My girl has been faking orgasms for the last 4 years and I have just recently realised. Well, not realised actually, she finally told me I suppose because she couldn't stand it anymore. She reckoned she has had about FOUR orgasms over the last four years, which is actually a very low rate considering we have been lying down three or four times a week. She even once faked five orgasms in the same night, trying me to cum as soon as possible. I'll go to the point. I don't feel betrayed or minimised by her way of acting but feel sorrow and definitely am trying to make her feel good and to have real orgasms. I have always thought that sex is "giving" more than "receiving" and that chatting in bed is a good way to get to know each other. Maybe she didn't understand that about me but now i think we are in the right way. I focus on her and when she can't, i'm not a pain in the ass, just tell her not to worry and wait next time. I think it's working. Thank you.
I have been faking orgasms with my guy every time as well. He wont allow himself to orgasm until I do and sometimes he really struggles with trying to hold back because I have not came yet (or faked it that is).
It all started when I had a fling when I was much younger, 17. The guy would text me and say things like "i hope you come when we do it or else my ego will be totally crushed." yes he actually said that! so when we had sex, I faked it (and probably did a horrible job). after that I never faked it with any other guy. I would tell them that nobody has ever given me an orgasm and this was a challenge for them to be the first. They liked the challenge.
But about a year ago I was having a conversation with one of my guy friends. He was involved with two girls and said he liked having sex with girl #1 because she orgasms every time and not girl#2 because she doesnt. I said "how do you know she is really orgasming?" and he said "I can feel her whole body tense up" and i thought to myself- I can make my body tense up. easy. and this got me thinking... I should be having orgasms every time to get a guy to really enjoy sex with me.
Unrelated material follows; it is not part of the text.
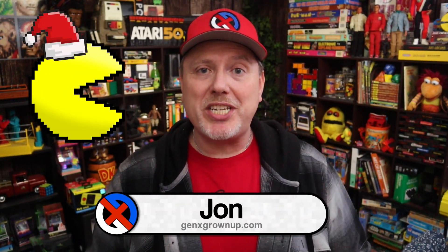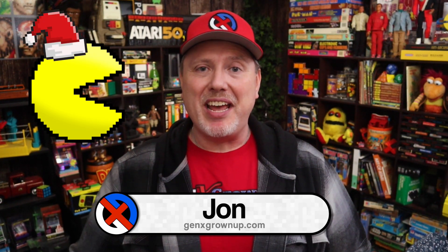Hey there, it is December 23rd, we're almost there. This is my 23rd day of my 24 Days of Pac-Man, where throughout the month of December each day I've been showing you one Pac-Man themed item from my gaming collection.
Shortly after our conversation I started a relationship with a wonderful person. The first time we had sexual behavior he was giving me oral and without thinking I tensed up and faked an orgasm. He was so proud of himself and said "I make sure that that happens". Every time after that it was fake orgasm after fake orgasm. We have been together for 6 months now and have sex at least once a day EVERY DAY. once a day being the very minimum. I can't even count how many fake orgasms that is. like I mentioned before, not only will he not stop but he will not allow himself to orgasm until I DO! I LOVE having sex with him so much but I wish i could stop faking. I just fear that i have gone too far.
I just can not admit it to him. He is very sensitive. I thought maybe I could just fake orgasms less but he does not know sex with me without giving me an orgasm. He might get very depressed and upset even if I dont have one just once. Its a scary pickle us women get ourselves into.
Dang, Nora that's quite a hole you've dug yourself into! That's why they say lying is BAD! Your little lie turned into a big lie and now it's almost like your whole relationship is a lie. You know, the only thing that you can do is tell him. If you don't, you're relationship is doomed. You wont be able to live that lie forever. It'll catch up to you. I say just throw all your guilt and shame and worry about what's going to happen to the wind and come clean. Whatever happens after that WILL BE FOR THE BEST. All you will do by continuing to lie is dig yourself deeper and deeper into an ugly place you don't want to be. The truth will set you free. Good luck!
It's amazing how a man can be comfortable with his body and let go, while women can't. They are prisoners of their fears. Ultimately, in a world where women are critical if a man's performance in bed and his tool, the fact remains that faking an orgasm is a coverup for female sexual dysfunction.